Now it’s twenty years later and I find I still do this kind of thing. What’s more, I have developed an amazing ability to unconsciously keep track, roughly, of how much money I’m racking up as I walk through the supermarket. Over the summer, we spent a week housesitting for someone out of town, and had to buy groceries. I had a mental budget of $100 and as we walked through the Stop and Shop, my husband threw things into the cart as he saw fit, my daughter suggested items and we ignored her, and I also added to the cart. When we got to the checkout, my husband sighed and said, “This is gonna cost an arm and a leg.” I said, “Well, it’s a lot, but it won’t kill us, it’ll be about $100. Maybe a little less, even.” “Oh, yeah?” he said skeptically, bagging the groceries. When the cashier announced the total, it was just over $98. My husband looked at me and his eyes were wide. “How’d you do that?” he said. “You can’t have been keeping a running tab — you can’t do math.” “No,” I said, “I’m just good at grocery shopping.”

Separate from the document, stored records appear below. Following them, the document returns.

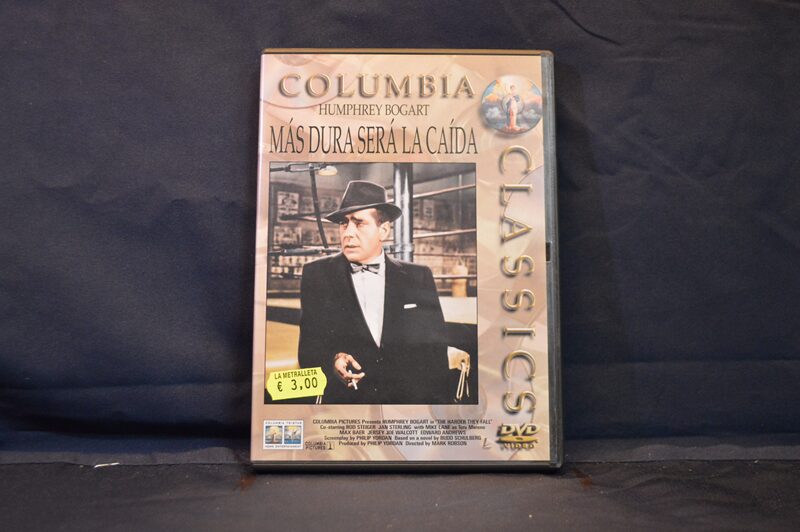 MÁS DURA SERÁ LA CAÍDA - DVD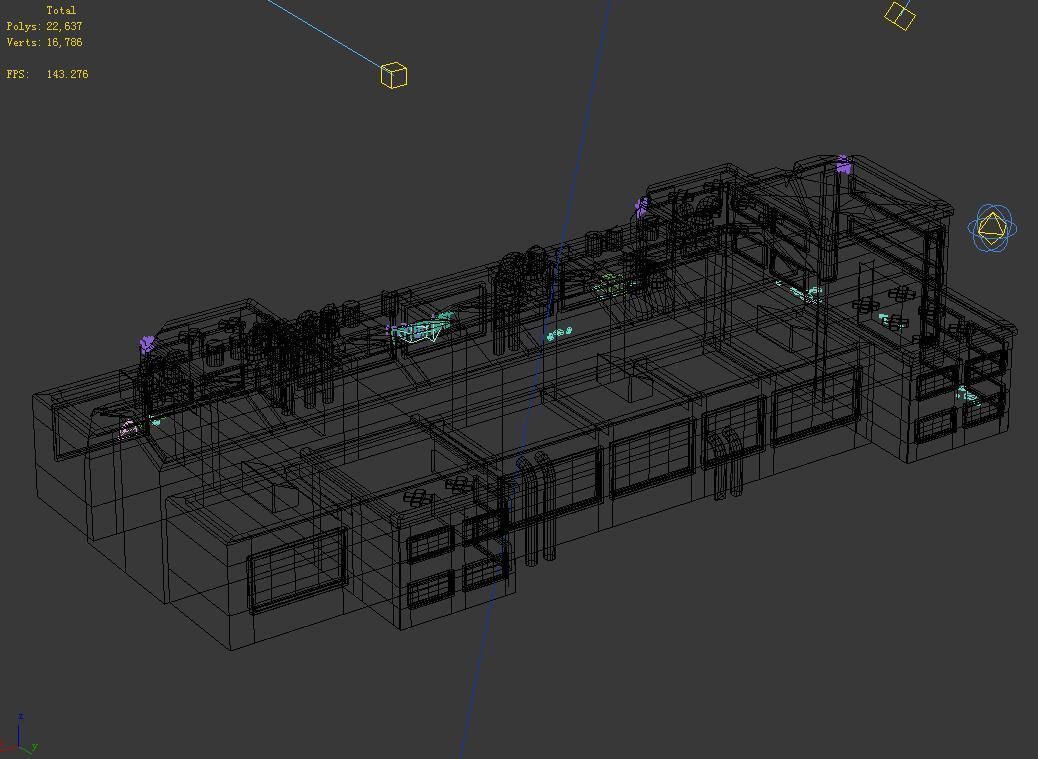 The future - urban waste virtual 04 3D model_2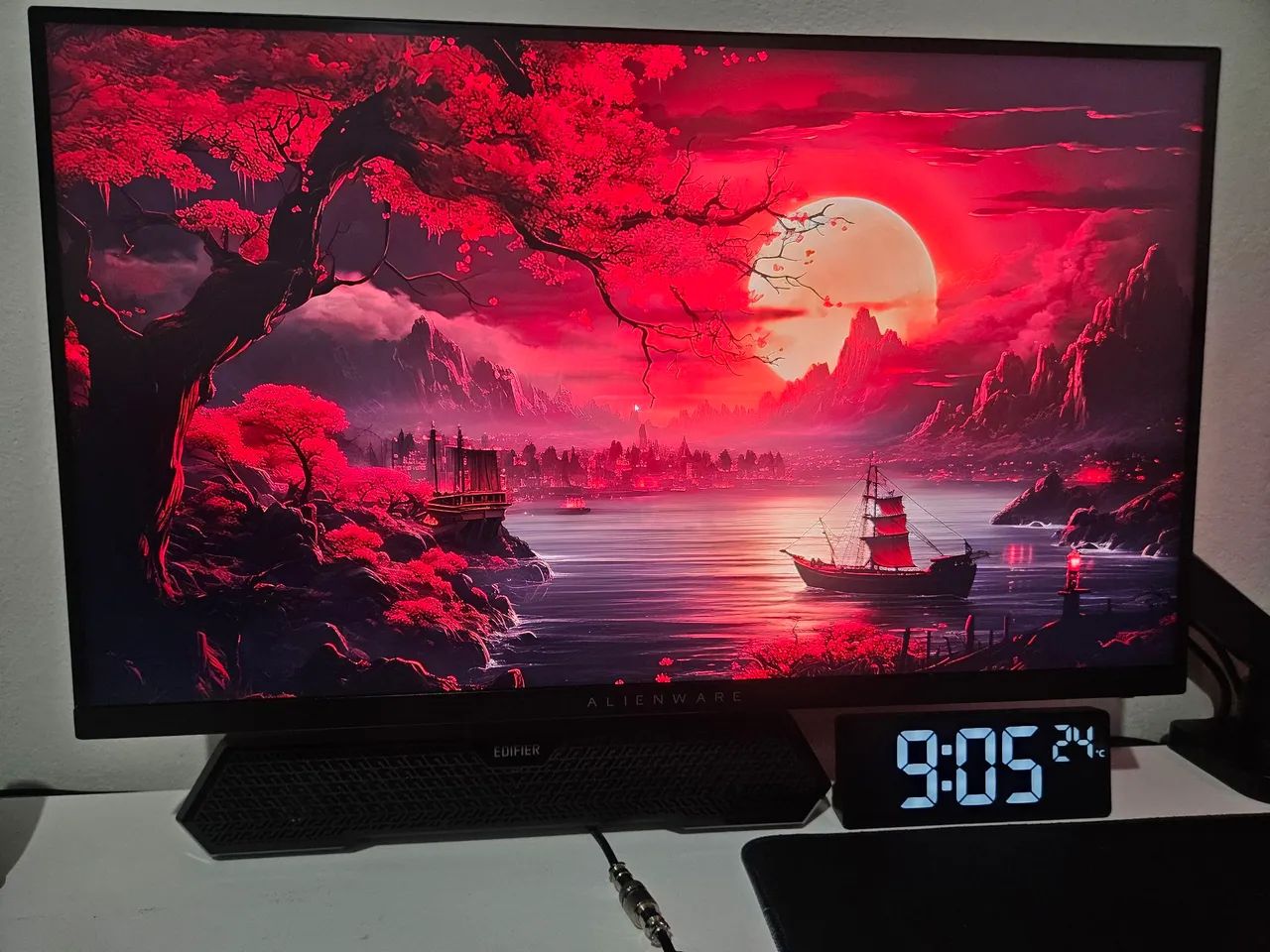  Monitor Alienware 27" QHD IPS 180Hz  AW2724DM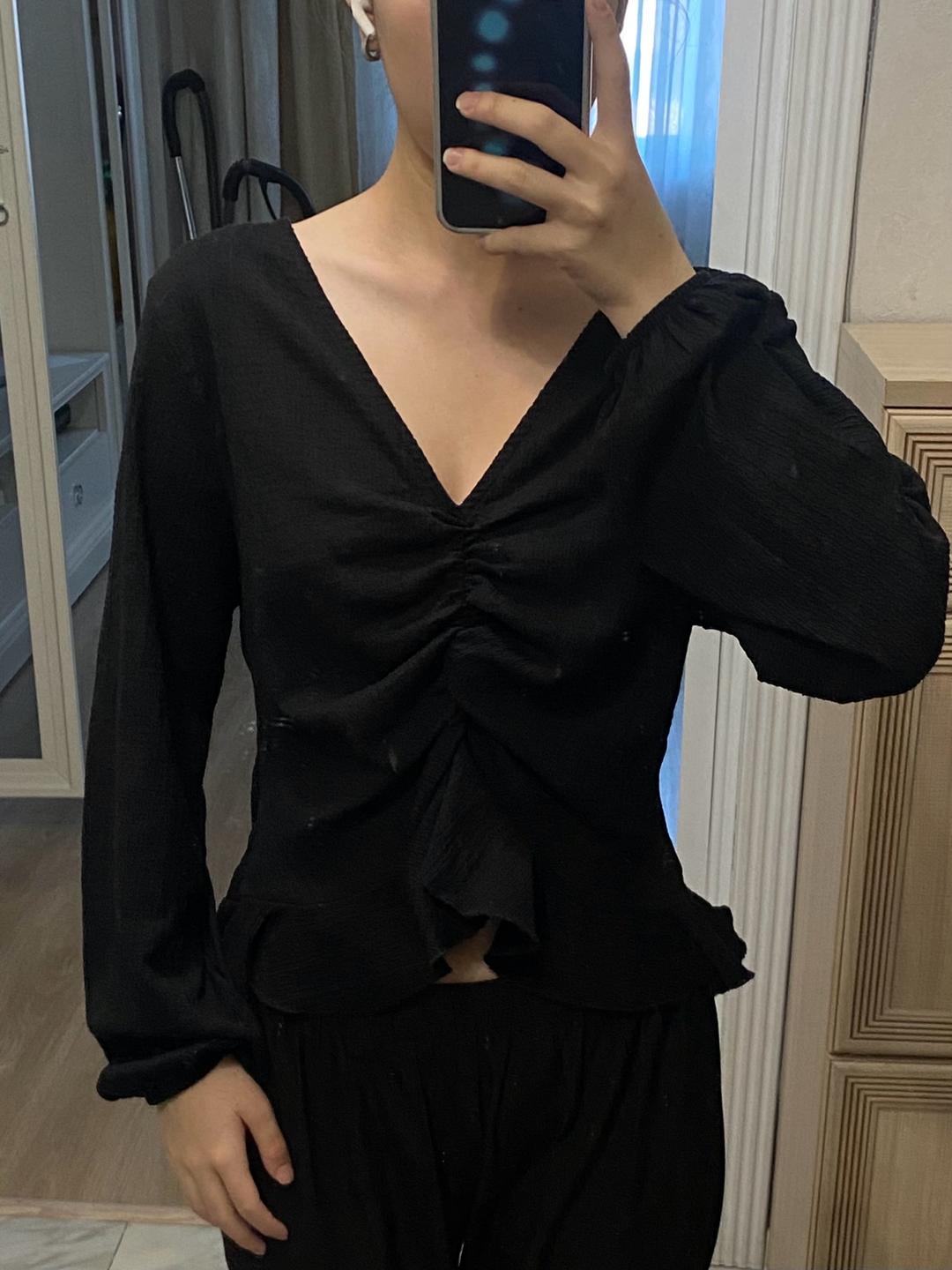 H&M Черная кофта H&M — фото 2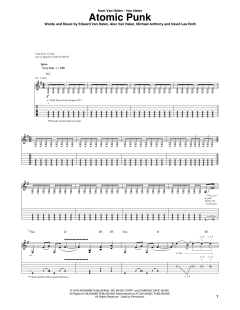 Atomic Punk von Van Halen (Download)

Interestingly, if you take that $100 worth of groceries, and divide it by 7 (days of the week) and then divide that by 3 (the number of people in our household who require feeding), to find out how much was spent on food to feed each person each day, the number is $4.76. (I figured this out using a calculator just now, because, as we’ve just said, I can’t do math.) This is more than the $3 I allotted for feeding myself every day twenty years ago, but not as much more as one might expect. It might even be explained away by inflation — I’m not clever enough to figure that out, though I guess an online inflation calculator would do the trick.
What I do know is, I can bring the number down by making splurges last. A jar of good capers can be pricey — but if you use those capers carefully over a matter of weeks, the $3 purchase (“that’s a whole day’s worth of food!” I’d’ve said in 1995) is less painful to absorb. As Bracken says, it’s a mental trick, this kind of thing. But it works, and it means you can add to your meals in a good way without feeling you’ve bankrupted yourself.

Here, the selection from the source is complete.